Given data:
+++

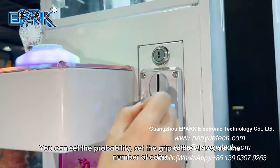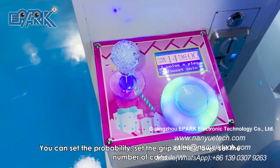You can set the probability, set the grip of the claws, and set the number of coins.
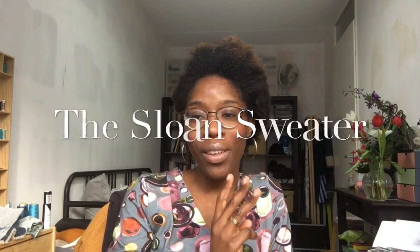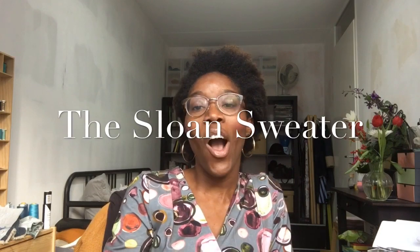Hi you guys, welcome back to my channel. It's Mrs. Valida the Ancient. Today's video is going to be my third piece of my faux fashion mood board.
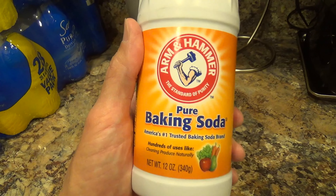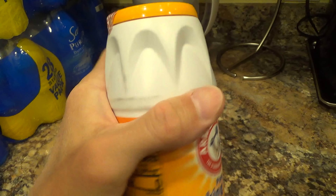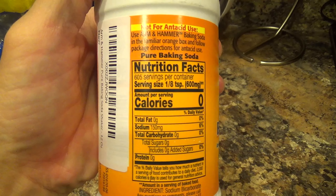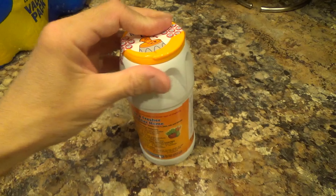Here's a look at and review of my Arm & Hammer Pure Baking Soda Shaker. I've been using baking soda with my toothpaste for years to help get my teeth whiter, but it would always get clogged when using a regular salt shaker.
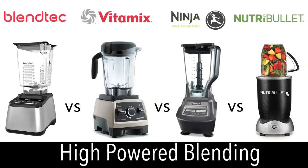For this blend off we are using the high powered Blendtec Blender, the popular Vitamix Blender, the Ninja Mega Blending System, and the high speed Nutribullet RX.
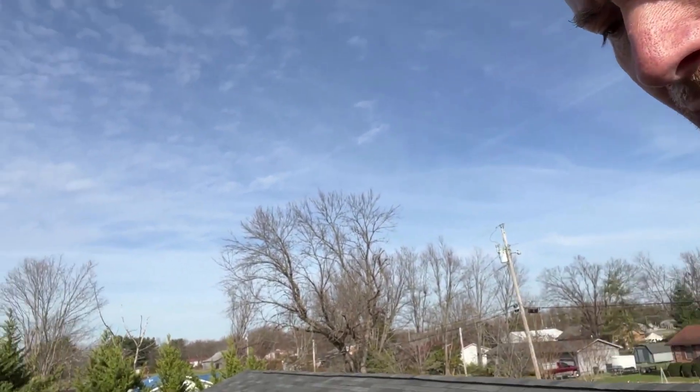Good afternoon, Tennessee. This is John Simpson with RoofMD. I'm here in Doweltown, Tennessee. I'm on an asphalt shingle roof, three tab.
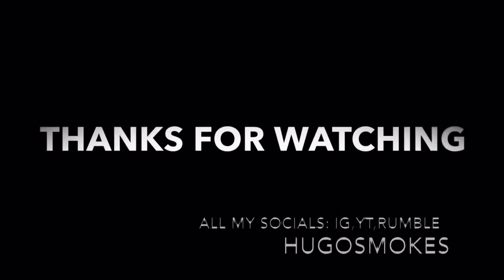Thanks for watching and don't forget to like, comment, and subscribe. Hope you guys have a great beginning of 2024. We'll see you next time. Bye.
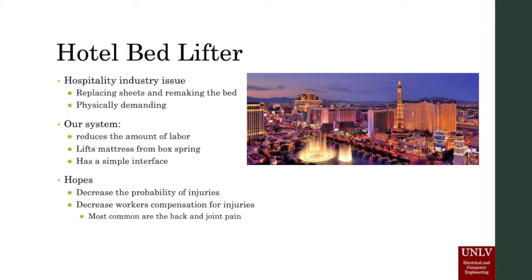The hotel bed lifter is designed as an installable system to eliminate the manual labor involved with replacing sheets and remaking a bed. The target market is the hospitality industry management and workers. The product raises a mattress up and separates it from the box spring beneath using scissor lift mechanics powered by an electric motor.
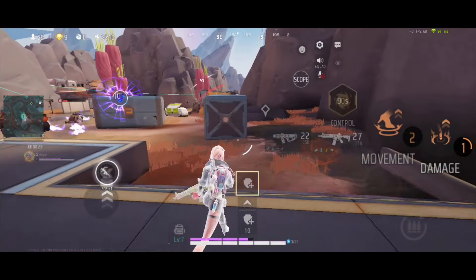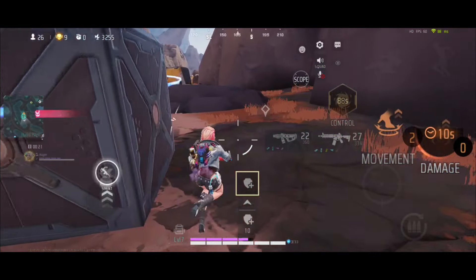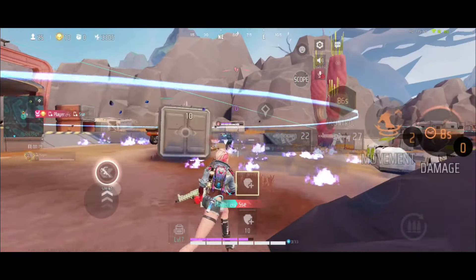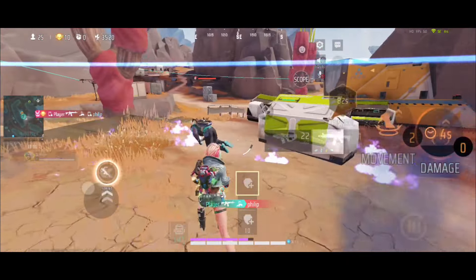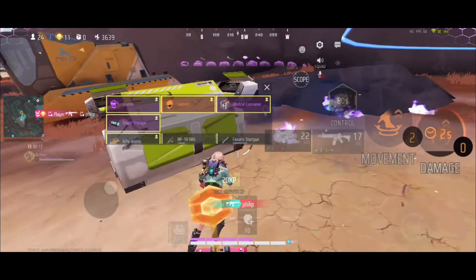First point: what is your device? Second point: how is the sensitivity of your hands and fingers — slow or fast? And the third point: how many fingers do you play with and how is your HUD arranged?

+++

Goal of the exercise: Reprint all the data above verbatim, excluding pictures.

Task solution:
You can set the probability, set the grip of the claws, and set the number of coins.
Hi you guys, welcome back to my channel. It's Mrs. Valida the Ancient. Today's video is going to be my third piece of my faux fashion mood board.
Here's a look at and review of my Arm & Hammer Pure Baking Soda Shaker. I've been using baking soda with my toothpaste for years to help get my teeth whiter, but it would always get clogged when using a regular salt shaker.
For this blend off we are using the high powered Blendtec Blender, the popular Vitamix Blender, the Ninja Mega Blending System, and the high speed Nutribullet RX.
Good afternoon, Tennessee. This is John Simpson with RoofMD. I'm here in Doweltown, Tennessee. I'm on an asphalt shingle roof, three tab.
Thanks for watching and don't forget to like, comment, and subscribe. Hope you guys have a great beginning of 2024. We'll see you next time. Bye.
The hotel bed lifter is designed as an installable system to eliminate the manual labor involved with replacing sheets and remaking a bed. The target market is the hospitality industry management and workers. The product raises a mattress up and separates it from the box spring beneath using scissor lift mechanics powered by an electric motor.
First point: what is your device? Second point: how is the sensitivity of your hands and fingers — slow or fast? And the third point: how many fingers do you play with and how is your HUD arranged?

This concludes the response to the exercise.